* _PROBLEM REQUIREMENTS_: Your answer must be an exact copy of the records below, minus any images.

* _MATERIAL SHOWN_:
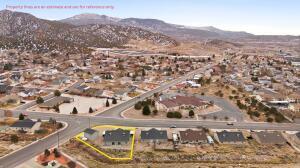 591-593 East Nichols Canyon Road, Unit RV GARAGE Cedar City, UT 84721 - Photo 53 of 54 Excellent income potential!
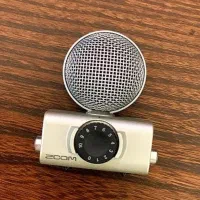 رکوردر زوم ZOOM H6 سیلور دارای دو میکروفون|پخش‌کننده همراه|تهران, جنت‌آباد شمالی|دیوار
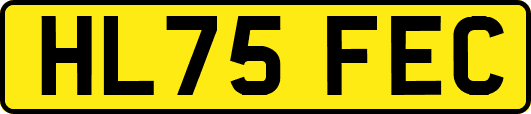HL75FEC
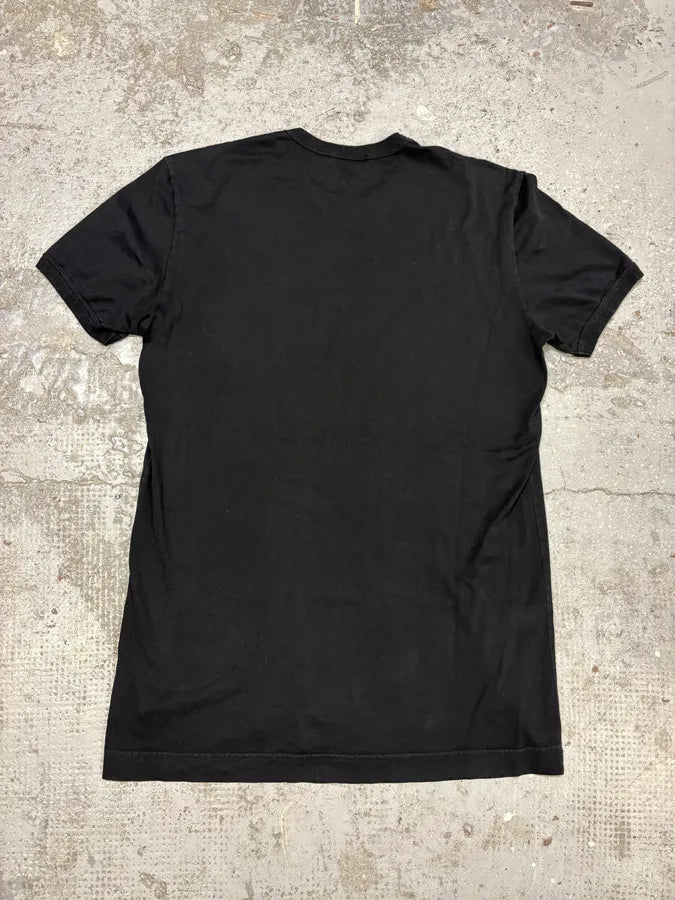 Dolce & Gabbana Sicilia Traditional Black T-shirt (S/M) ISNHyiI 5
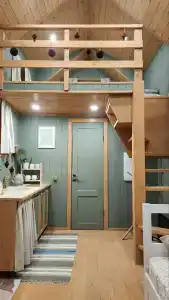 Деревня на Ревуне - 1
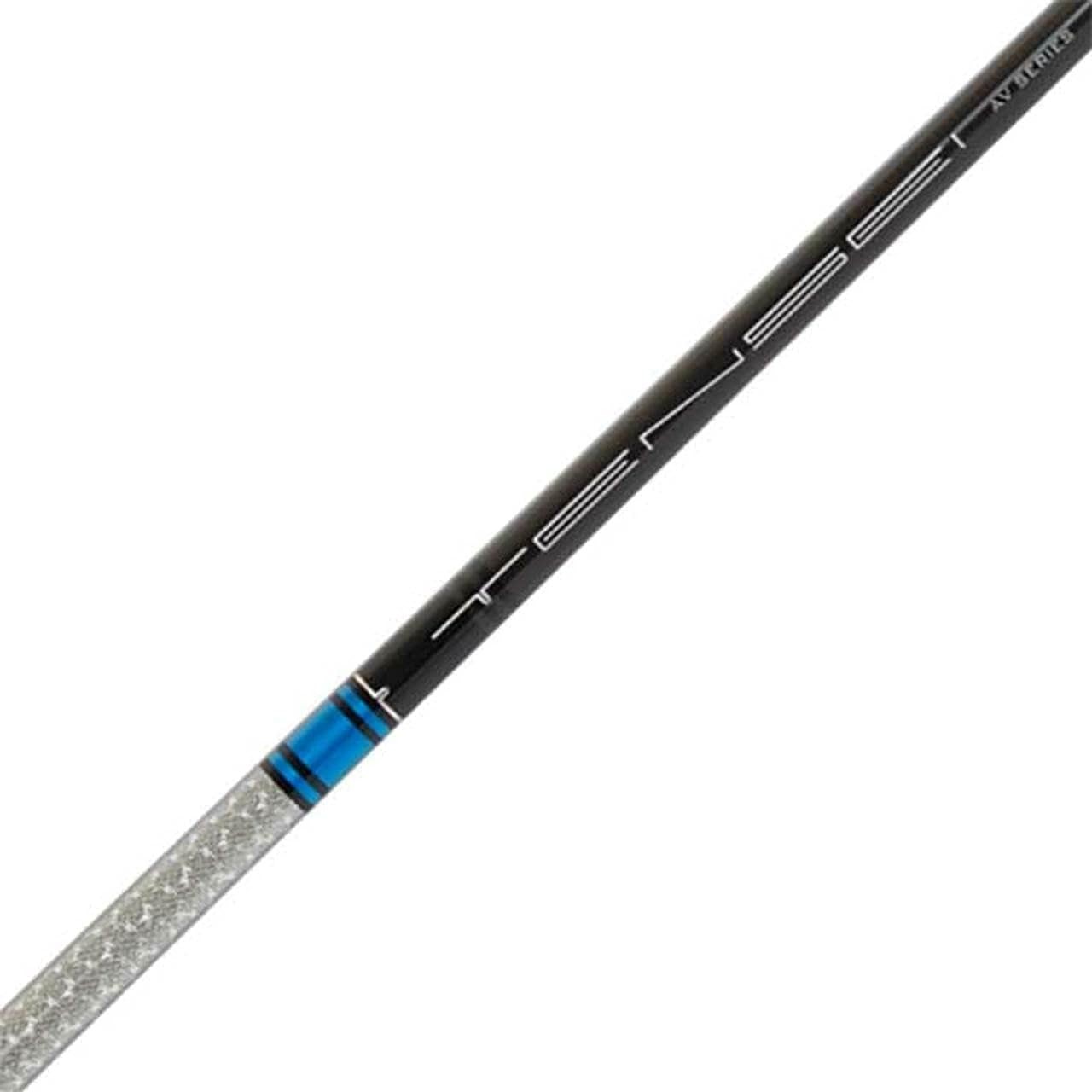 Mitsubishi Chemical Tensei AV Raw Blue Titleist SureFit Tour Driver Stiff Shaft
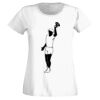 T-shirt  Lady Fit Thumbnail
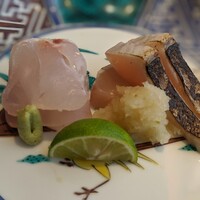赤坂 渡なべ - 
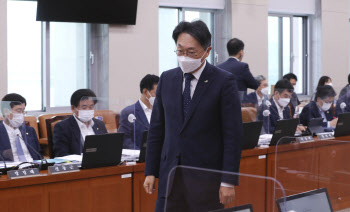 국토위 국감서 ‘대장동 성토’…“LH, 개발 왜 포기했나”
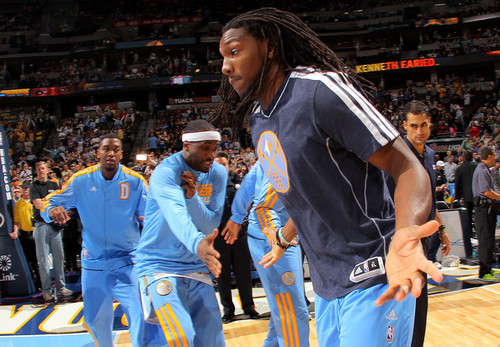 faried lawson nuggets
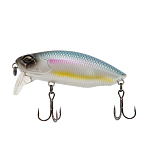 Воблер Diaction Pike 60 мм (Цвет-Mystic воблеры 137) DP60F Mystic Lures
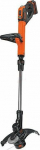Black&Decker Black&Decker Podkaszarka Power Command (STC1820EPC)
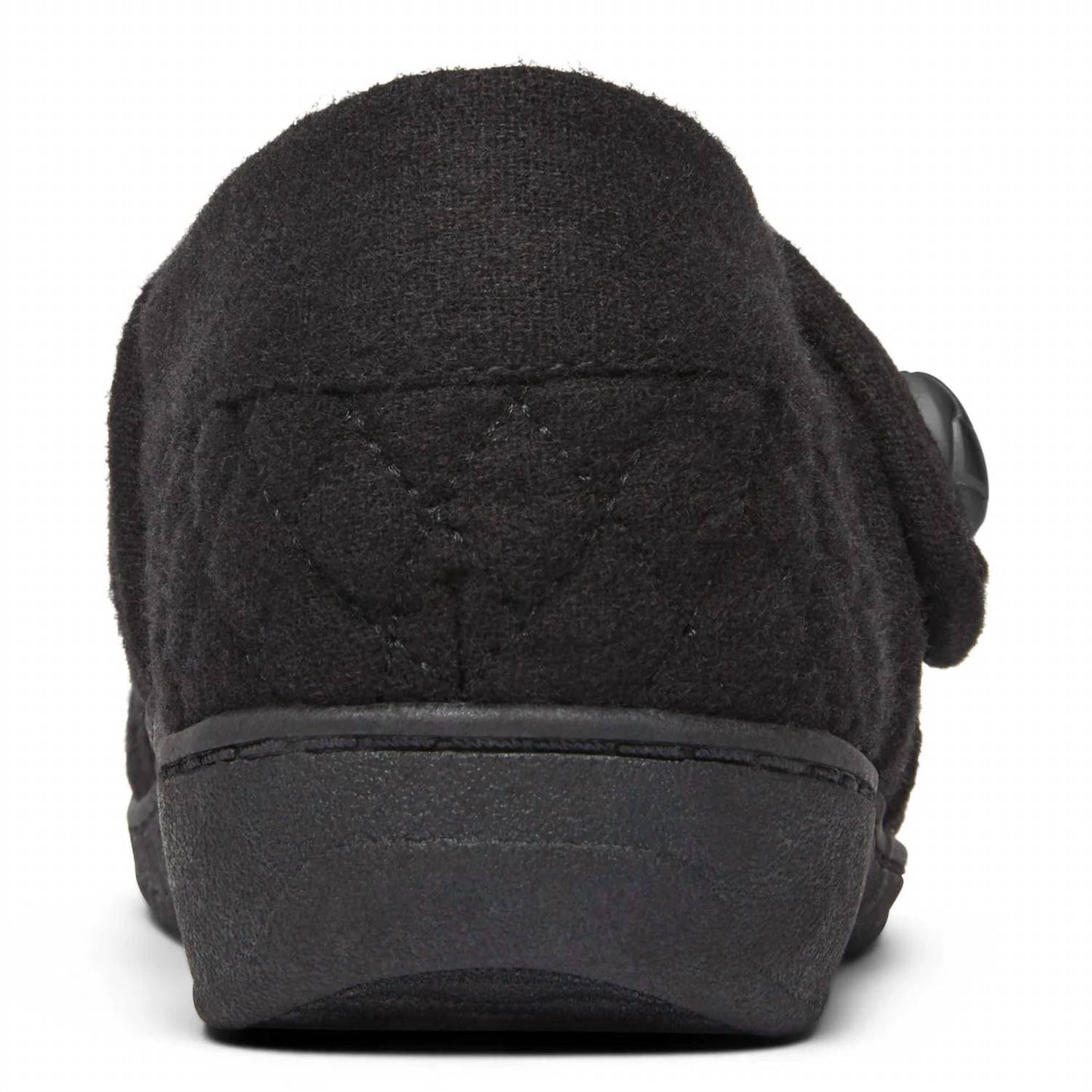 Vionic - WOMEN'S JACKIE FLANNEL SLIPPER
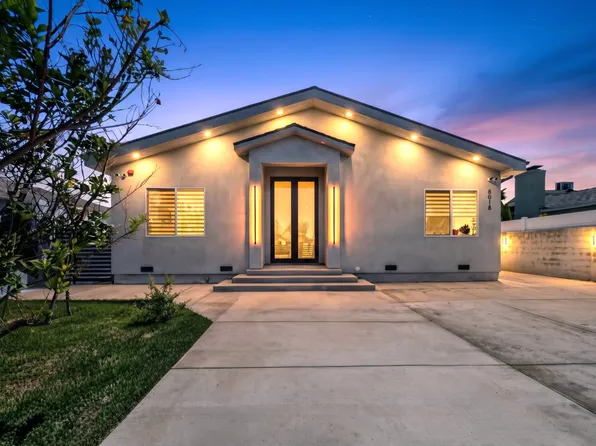 8018 Shadyglade Ave, North Hollywood, CA 91605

* _REPLY_:
 591-593 East Nichols Canyon Road, Unit RV GARAGE Cedar City, UT 84721 - Photo 53 of 54 Excellent income potential!
 رکوردر زوم ZOOM H6 سیلور دارای دو میکروفون|پخش‌کننده همراه|تهران, جنت‌آباد شمالی|دیوار
HL75FEC
 Dolce & Gabbana Sicilia Traditional Black T-shirt (S/M) ISNHyiI 5
 Деревня на Ревуне - 1
 Mitsubishi Chemical Tensei AV Raw Blue Titleist SureFit Tour Driver Stiff Shaft
 T-shirt  Lady Fit Thumbnail
赤坂 渡なべ - 
 국토위 국감서 ‘대장동 성토’…“LH, 개발 왜 포기했나”
 faried lawson nuggets
 Воблер Diaction Pike 60 мм (Цвет-Mystic воблеры 137) DP60F Mystic Lures
Black&Decker Black&Decker Podkaszarka Power Command (STC1820EPC)
 Vionic - WOMEN'S JACKIE FLANNEL SLIPPER
 8018 Shadyglade Ave, North Hollywood, CA 91605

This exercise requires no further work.